Io avevo iniziato a pensare che anche il mio nome fosse scritto su quella lista, e stancamente aspettavo il mio turno.

Poi la fortuna mi ha fatto due regali.

La nuova autostrada per Torino con il casello a quattro chilometri da qui ha portato gente nuova. Gente di città desiderosa di riprovare piaceri e gusti perduti. E poi le aziende che hanno iniziato ad aprire nella piana accanto all'autostrada.

E poi è arrivata Sabine.

Aveva vent'anni quando una mattina me la sono trovata davanti all'osteria. Lei e il suo ragazzo. Avevano passato la notte nel loro furgoncino Volkswagen scassato. Due veri figli dei fiori in viaggio verso un qualche luogo sconosciuto che fosse diverso dalla loro Svizzera.

È entrata e mi ha chiesto due panini.

"Quelli che costano meno."

Quando ha messo le mani in tasca per pagare non aveva neppure quei pochi soldi. Ma mi stava simpatica quella ragazzina dagli occhi troppo grandi per un corpo così minuto. Li ho fatti accomodare al mio tavolo, quello accanto al camino, e ho offerto loro due bicchieri di Grignolino.

"Profuma di mughetto."

Erano state le sue prime parole dopo aver appena bagnato le labbra col vino. Sono andata in cantina e le ho portato un calice con un dito di Barbaresco della vigna di Enzo.

Sabine ha continuato a raccontarmi dei profumi e dei sapori di quei vini.

Quelli sono i momenti in cui credo nell'esistenza di qualcuno di superiore. Un Dio burlone che si diverte a far nascere una ragazza con quel dono in uno dei posti più alieni dal gusto del buon cibo e del buon bere.

Sabine aveva il segno.

Ho aperto a lei e al suo ragazzo le porte della casa dei nonni, e quella dell'osteria.

Lei non mi ha mai chiesto il perché di quel mio gesto di generosità apparentemente senza senso. Ed è stato bene così, perché non sarei stata in grado di dare alcuna spiegazione razionale.
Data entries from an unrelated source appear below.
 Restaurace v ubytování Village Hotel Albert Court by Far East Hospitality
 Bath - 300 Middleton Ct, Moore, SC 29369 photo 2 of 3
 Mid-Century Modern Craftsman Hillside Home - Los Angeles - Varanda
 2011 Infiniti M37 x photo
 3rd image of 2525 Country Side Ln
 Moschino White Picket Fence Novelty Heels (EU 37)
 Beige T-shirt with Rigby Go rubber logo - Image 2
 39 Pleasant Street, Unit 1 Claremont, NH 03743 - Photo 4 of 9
Così Sabine è diventata la mia aiutante, la mia assistente, la mia discepola. E un po', in cuor mio, la figlia che il destino mi aveva negato.

Dopo qualche settimana, in una mattina fredda e piovigginosa, il ragazzo di Sabine ha caricato le sue cose sul furgone scassato ed è ripartito.

La nebbia delle valli delle Langhe era probabilmente troppo anche per un figlio del Canton Giura.

Ricordo il bacio che le ha dato sulla porta e gli occhi con cui lui la guardava.

Ho visto l'amore in quello sguardo.

L'amore assoluto.

Un amore così grande da fargli capire che lei voleva altro dalla propria vita e che era arrivato il momento di lasciare la persona amata libera di seguire il suo destino.